Er zijn verschillende mogelijkheden. Daarom werd geen
verdere verfijning van deze rubriek opgelegd in het minimum
rekeningenstelsel. Het bestuur moet die indeling maken, op maat van de
stichtingen die er voorkomen.
G. De hoofdfunctie financiering
In de hoofdfunctie financiering worden de ontvangsten en
uitgaven gevolgd die verband houden met externe financiering: de leningen,
de renteloze thesaurievoorschotten, de verdisconteringen.
Verdisconteren is het
geheel of gedeeltelijk ten gelde maken van een te verwachten subsidie (de
exploitatietoelage) aan een financiële instelling (meestal een bank), die
gelden (het ontleningbedrag) onder aftrek van bepaalde kosten (het
disconto) aan de kerkraad ter
beschikking stelt.
Bij ontvangst wordt de subsidie op de rekening van de
financiële instelling afgeboekt ter aanzuivering van de lening.
Boekhoudkundig is de verdiscontering een ontvangst en wordt ze op de MAR-rekening
151 als voorschot ingeboekt.
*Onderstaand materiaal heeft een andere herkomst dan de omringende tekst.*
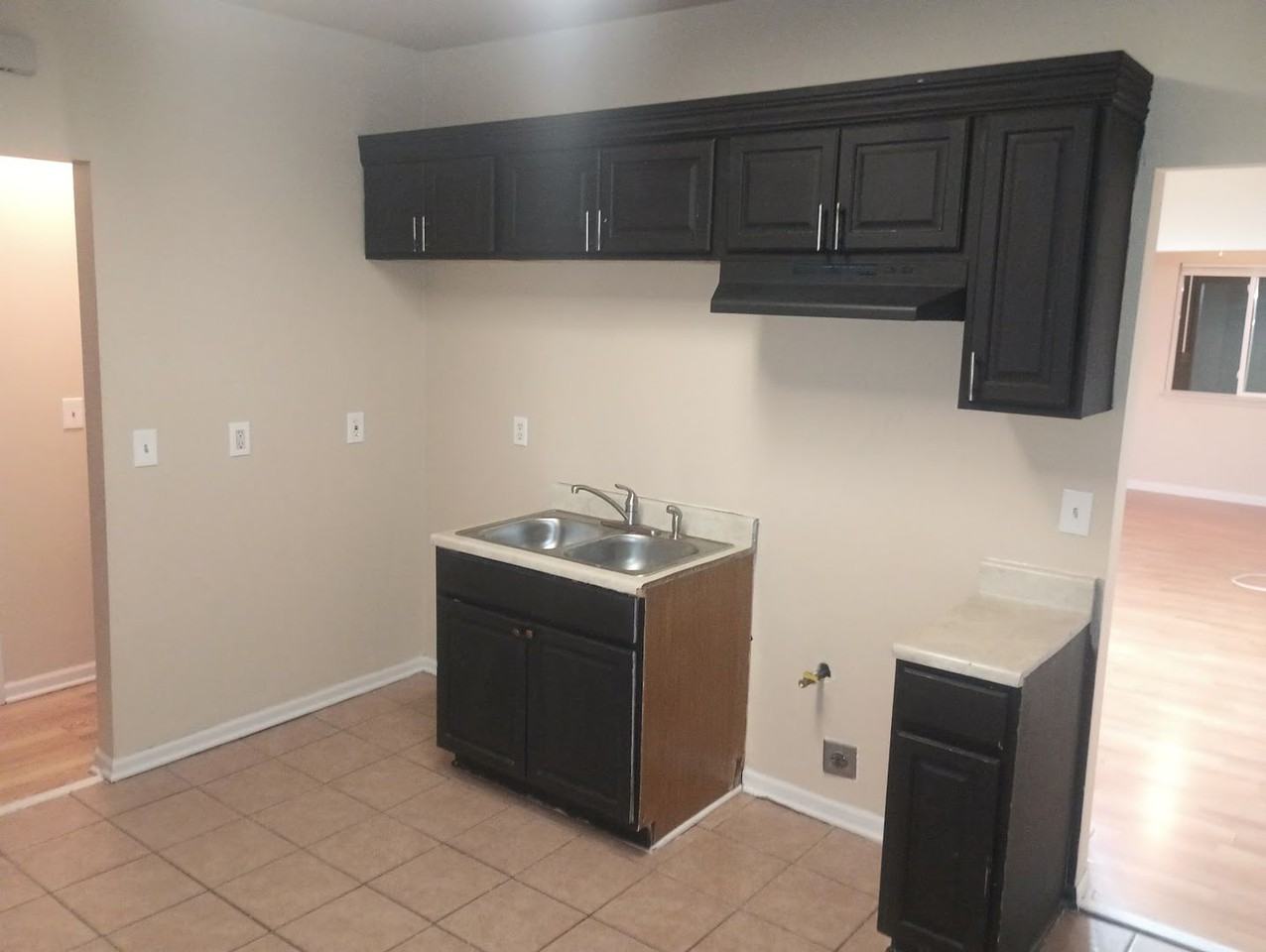 2469 W Auer Ave - Photo 2 of 12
Bij de afbetaling wordt ze tegengeboekt op de
MAR-rekening 251 als terugbetaling van een openstaande schuld.
H. De overboekingen
Op rekening 29 worden de overboekingen naar de
investeringen als uitgaven geboekt. Op rekening 39 worden die
overboekingen dan als ontvangsten geboekt bij de investeringen.
5. Het
meerjarenplan en de meerjarenplanwijziging
A. Het meerjarenplan omvat alle afspraken
voor een periode van zes jaar die steeds ingaat het tweede boekjaar van de
bestuursperiode. Het omvat 2 of 3 delen, namelijk: een strategische nota,
een financiële nota, en een toelichting met de gemaakte afspraken.
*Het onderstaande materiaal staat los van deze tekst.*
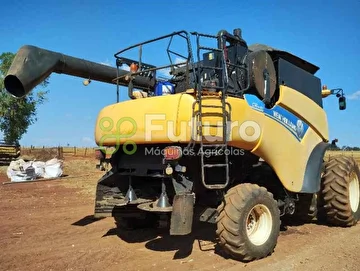 COLHEITADEIRA NEW HOLLAND CR 6080 ANO 2014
Het wordt opgemaakt binnen zes maanden na de installatie
van de gemeente- of provincieraad na de verkiezingen. Dat betekent dat de
termijn waarbinnen het meerjarenplan moet worden opgemaakt voor de besturen
van de erediensten die op gemeentelijk niveau zijn georganiseerd verstrijkt
op 2 juli. Deze ultieme datum is een administratieve benadering en stemt
niet noodzakelijk met de realiteit overeen (zie daartoe uitleg in verband
met art. 41 van het Decreet).
B. De strategische nota van het
meerjarenplan (artikel 11) bevat de beleidsdoelstellingen waarvan de
financiële vertaling terug te vinden is in de financiële nota. Daarin worden de cijfers van
het meerjarenplan dus toegelicht, waarbij de belangrijkste verschillen met
het verleden moeten worden uitgelegd en de verschillende investeringen
moeten worden verduidelijkt.
C. De financiële nota is de omvangrijkste. Die nota bevat de
cijfermatige vertaling van de beleidsdoelstellingen van het bestuur van de
eredienst voor de periode van zes jaar.
Het model
voor die financiële nota werd vastgesteld bij ministerieel besluit. De
cijfers van het meerjarenplan mogen krachtens artikel 8 van het reglement
worden afgerond tot op de gehele euro.
Uit de
cijfers van de financiële nota van het meerjarenplan moet ook blijken dat
de financiën van het bestuur van de eredienst in evenwicht zijn. Daarom
wordt er een verplicht evenwicht opgelegd voor elk jaar van het
meerjarenplan (artikel 9 van het reglement), waarbij ook voor elk jaar, als
dat nodig is, de gemeentelijke of provinciale exploitatietoelage wordt
berekend.
D. De toelichting omvat o.a. de gemaakte afspraken met de gemeente.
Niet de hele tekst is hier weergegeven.